Importa ainda realçar que o nosso estudo apresenta algumas limitações, como o facto de não ser representativo da adesão ao PAM no arquipélago dos Açores, uma vez que se encontra circunscrito à Ilha Terceira. Além disso o seu desenho transversal não permite a extrapolação dos seus resultados. Ademais, os questionários foram preenchidos pelos alunos e, embora tenham tido a oportunidade de esclarecer quaisquer dúvidas que possam ter, podem apresentar algum viés. Por outro lado, os participantes abrangem toda a ilha Terceira, com cinco das sete escolas com 3º ciclo do ensino básico a participar no estudo. Portanto, temos uma amostra representativa da ilha, distribuída pelos seus dois municípios. Ao nosso conhecimento, este é o primeiro estudo realizado no arquipélago dos Açores que avaliou a adesão ao PAM numa faixa etária tão jovem, apenas um estudo (33) realizado em 2008 avaliou a adesão ao PAM entre adolescentes (15 a 18 anos). A prevalência de alta adesão ao PAM encontrada nesse estudo é semelhante à encontrada em neste. Importa realçar que os resultados aqui apresentados podem, ainda, servir de ponto de comparação e de suporte para futuras intervenções com vista à promoção do PAM. Além disso, podem servir para o desenvolvimento de intervenções de educação alimentar nesta temática mais bem-adaptadas às características dos estudantes do 3º ciclo do ensino básico da ilha Terceira.

Conclusões

A alta prevalência de excesso de peso (pré-obesidade e obesidade) e a baixa "alta" adesão ao PAM revela a necessidade de promover a adesão a este padrão alimentar nesta população. Portanto, realçamos que a colaboração entre os setores de saúde e educação é de extrema importância para a promoção da alimentação saudável. A escola surge, assim, como um ambiente ideal para educar para tal fim, bem como para a criação de hábitos alimentares saudáveis em idade precoce. Os resultados apresentados podem ser úteis para futuras intervenções comunitárias que visem a promoção de hábitos alimentares mais saudáveis.

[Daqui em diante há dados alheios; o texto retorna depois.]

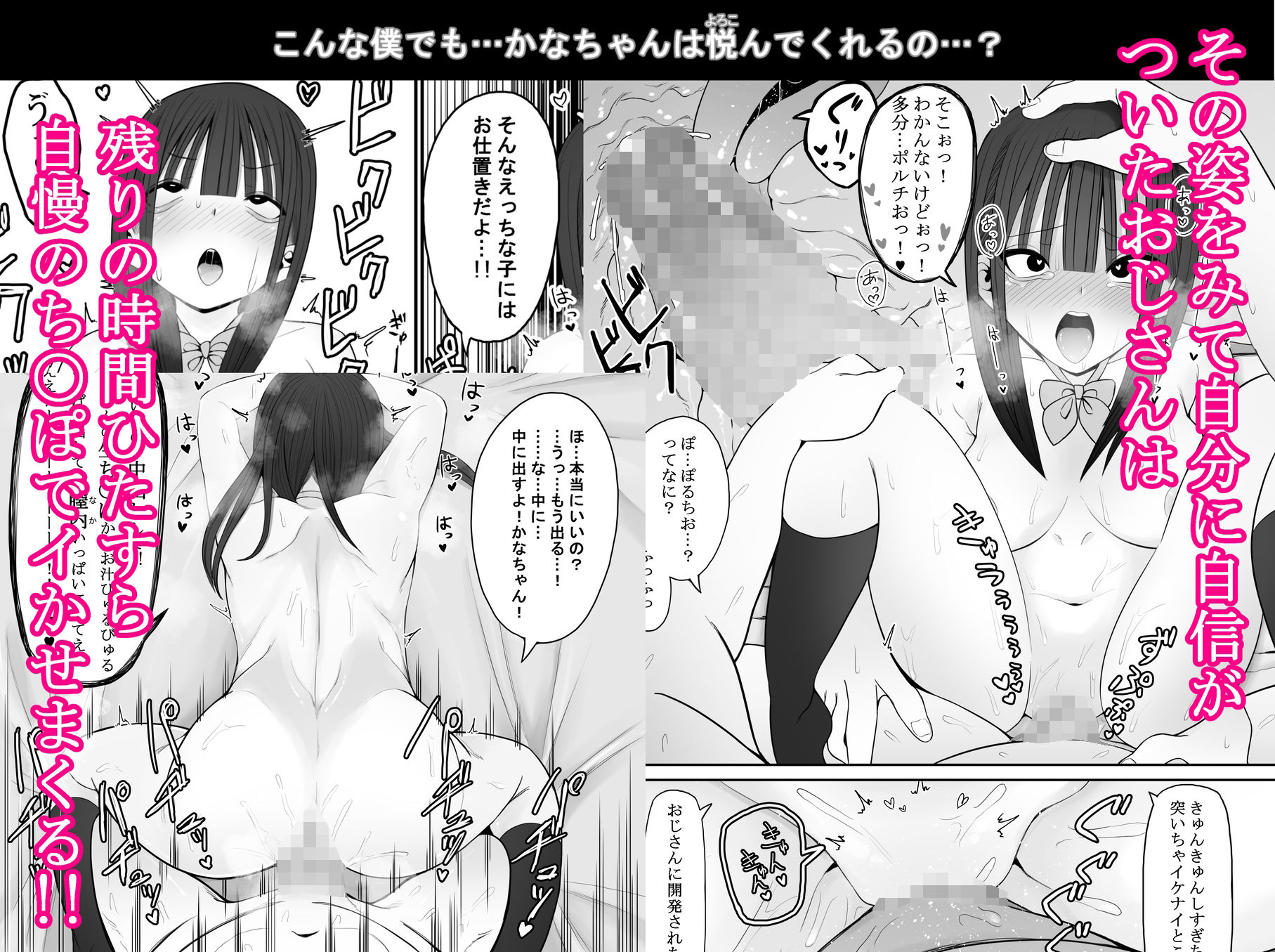 もにもにものエロ漫画じぇーけーがおじさんち〇ぽでイキまくる中出しdmm18fanzaの画像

Declaração sobre as contribuições do autor

LO, FS e MGS, conceção e desenho do estudo; LO, implementação experimental; LO, análise de dados; LO, redação, edição e revisão; LO, tabelas; LO, FS e MGS, supervisão e redação final.

Financiamento

Este trabalho é financiado pela Fundação Calouste Gulbenkian, ao abrigo do concurso "Literacia em Saúde 2014 — Os Cidadãos e a Saúde: melhorar a informação, melhorar a decisão” no âmbito do projeto “Alimentos promotores de saúde em contexto escolar – mais conhecimento melhor crescimento”.

Agradecimentos

Os autores desejam expressar os seus agradecimentos a todos os participantes.

Conflito de Interesses

Os autores declaram que não há relações financeiras e/ou pessoais que possam representar um potencial conflito de interesses.